There are several other books that I have read and could comment on, but those are the top three that I recommend. Schreiber is #1 for being comprehensive, thoughtful, and free. Fullerton is #2 for being accessible and action-oriented. Burgun is #3 for being focused and for challenging assumptions.

Tuesday, March 7, 2017

Painting Descent, Part 1: The Villains

I picked up a second-hand copy of Descent a long time ago while traveling to a conference, but I had it on the back burner while I finished other painting projects. I just finished up painting the villains, but I have not done anything but prep and prime the heroes.

I usually take some pictures of the miniatures as I finish them and post them up to Facebook. My normal approach is to drop a heavy white piece of paper behind them, drop my painting lamp close to the mini, and then take some shots. The white balance is almost always wrong, and as I have written about before, I will use a tool like Snapseed to adjust the white balance and brightness. The result tends to be a photograph that looks good, but the colors are not always true. I have seen some instructions on how to build a lightbox, but I don't have the table space to keep something intricate set up all the time. I searched online a bit and ended up ordering one for about $12 from Amazon. It is collapsible and has a built-in LED light, with black or white backdrops. Here's what it looks like on my rather messy desk (to be cleaned over Spring Break, for real this time).

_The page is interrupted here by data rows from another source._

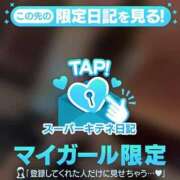 ヒメ日記 2025/10/04 19:44 投稿 小清〇真紀（単体AV女優） EIGHT（エイト）～8つのお約束と無限の可能性～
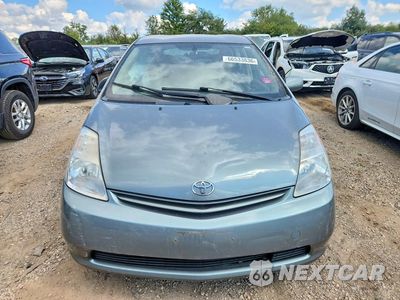 Piąte zdjęcie samochodu w środku: 2005 TOYOTA PRIUS BASE VIN:JTDKB20U453078143 - miniatura
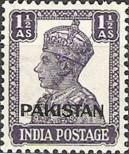 Známka Pakistán Katalogové číslo: 5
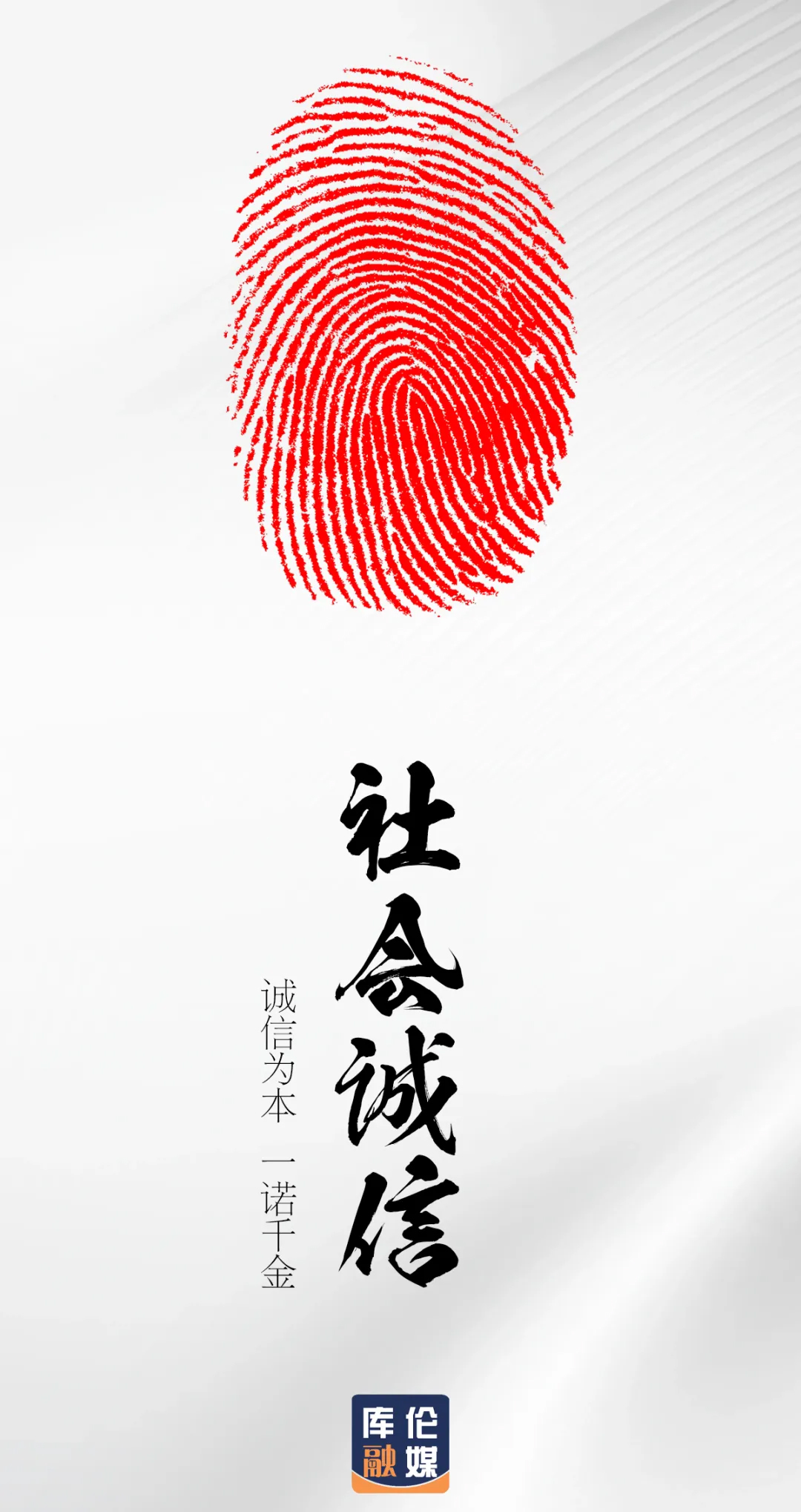 通辽市库伦旗+平面类社会诚信+赵亮.jpg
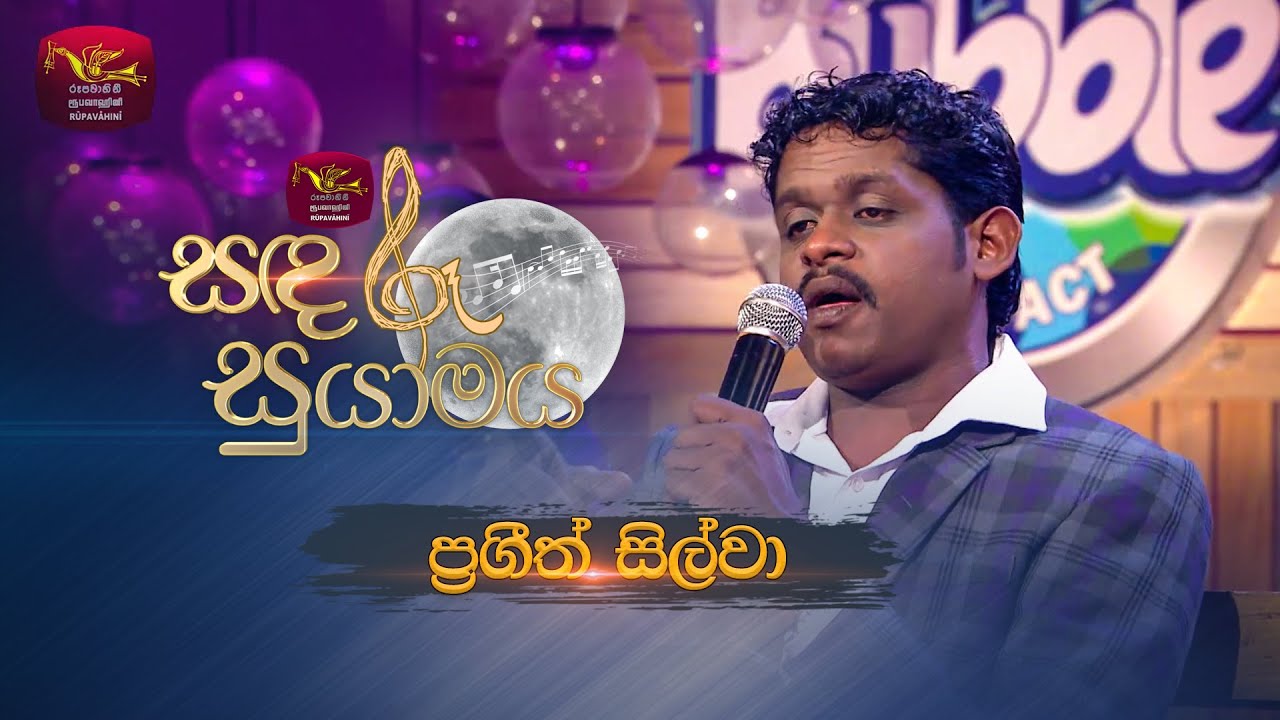 Sandaru Suyamaya | සඳරූ සුයාමය | Featured by Prageeth Silva | Rupavahini Musical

Here are two images of one of the new batch of villains, the first taken in my usual approach and the second in the lightbox.


As you can see, the old approach looks positively yellow by comparison. The colors on the bottom one are much more "true," meaning that what I see here looks a lot like the critters beside me on my desk. Without the intense painting lamp pulled in front of them, the fronts of the minis are a bit shaded, but again, they do look authentic at least. So, for the rest of this post, I'm going to use the lightbox images. I will continue to tinker with the lights around the lightbox to see if I can improve the photos further.

For this whole set, like the Myth monsters, I was going for speed. I wanted them to look nice of course, but I didn't want to spend inordinate time on them. I have been inspired lately by Sorastro's painting (who isn't?): he usually uses a simple formula of base color, wash, highlight, but he does it with such grace that it looks amazing at the end. I didn't do this for each figure, but the spirit is there.

A goblin archer
A gaggle of goblins

The goblin archers were not very inspiring. I found the sculpt to be rather poor. For example, the arrow is not separate from the chest: it's extruded back. This can be hidden with clever paint, but combined with the featureless limbs and helmet, they were just kind of dull. Starting with these made me reflect on how Descent was a precursor, or perhaps a herald, of the miniature gaming renaissance. Now, there are more miniature-heavy board games on Kickstarter than anybody has time and money for, and they all look amazing. I bet if Fantasy Flight released a third edition of Descent, it would pick up on this trend, since they understand the market and have the pockets for it. However, Descent is an entire ecosystem, and as I understand it, the cooperative mode app has really helped their sales. It would be folly to jump to a third edition right away, with all the money that people continue to invest in this series.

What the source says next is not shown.